John Delaney understands investing. Before entering politics, he made a fortune by founding finance companies that raised $20 billion in capital for businesses.
Which lends extra credibility to one proposal in Delaney’s long-shot 2020 presidential campaign. He wants to raise the 20 percent top tax rate on long-term capital gains, saying investors no longer need the enticement of a lower rate on profits than on ordinary income.
“It’s hard to make an argument that we have a shortage of investment capital,” says Delaney, a Democratic former House member from Maryland. “The notion that we need a lower capital gains rate in general to get people to invest is not accurate.”
His idea sends Wall Street a bracing signal of what 2021 might bring. Not only do Democrats want to raise taxes on the wealthy, but an increasing number find taxes on investment profits the most appealing target.
Higher capital gains and estate taxes “are more consistent with a story about work versus wealth, so therefore more attractive from a thematic point of view,” reasoned Jake Sullivan, who coordinated policy for Hillary Clinton’s 2016 campaign.
“Things like the millionaires surtax we proposed in 2016 now feel kind of boring,” Sullivan added. “It’s not that raising income taxes on millionaires isn’t politically saleable, it’s just not as compelling as taxing returns to wealth.”

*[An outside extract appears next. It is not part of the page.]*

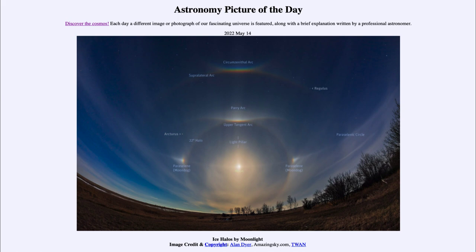When everything works just right, we get a number of different arcs. We can see several of those up above — a light pillar going up from the moon, and then a couple of arcs above that heading well up towards the top of this image. We can also see a couple of stars labeled here: off to the left we see the bright star Arcturus identified, and off to the right and above, we see the bright star Regulus.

The growing blue-collar tilt of the Trump-era GOP base makes the target even more tempting. Though business-friendly GOP congressional leaders resist all tax hikes, rank-and-file Republicans back capital gains increases more than other kinds, said Democratic pollster Geoff Garin.
The top rate on capital gains last matched the top rate on labor income after the bipartisan 1986 tax reform signed by President Ronald Reagan. It set both at 28 percent.
Subsequently, the rate on capital gains edged down, while the rate on income edged up. Estate taxes have fluctuated in rates and the size of estates subject to tax.
The 2017 tax cut signed by President Donald Trump reduced the top rate on income to 37 percent from 39.6 percent, but left the top capital gains rate unchanged; for both, the highest earners face the additional 3.8 percent tax enacted to help finance Obamacare. The estate tax remained at 40 percent, but the law reduced the number of taxable estates by doubling exempted amounts to $11 million for individuals and $22 million for married couples.
Alexandria Ocasio-Cortez, a fiery first-term New Yorker in the new House Democratic majority, seized headlines by suggesting a 70 percent top rate on the highest incomes. But the party’s presidential candidates have different ideas.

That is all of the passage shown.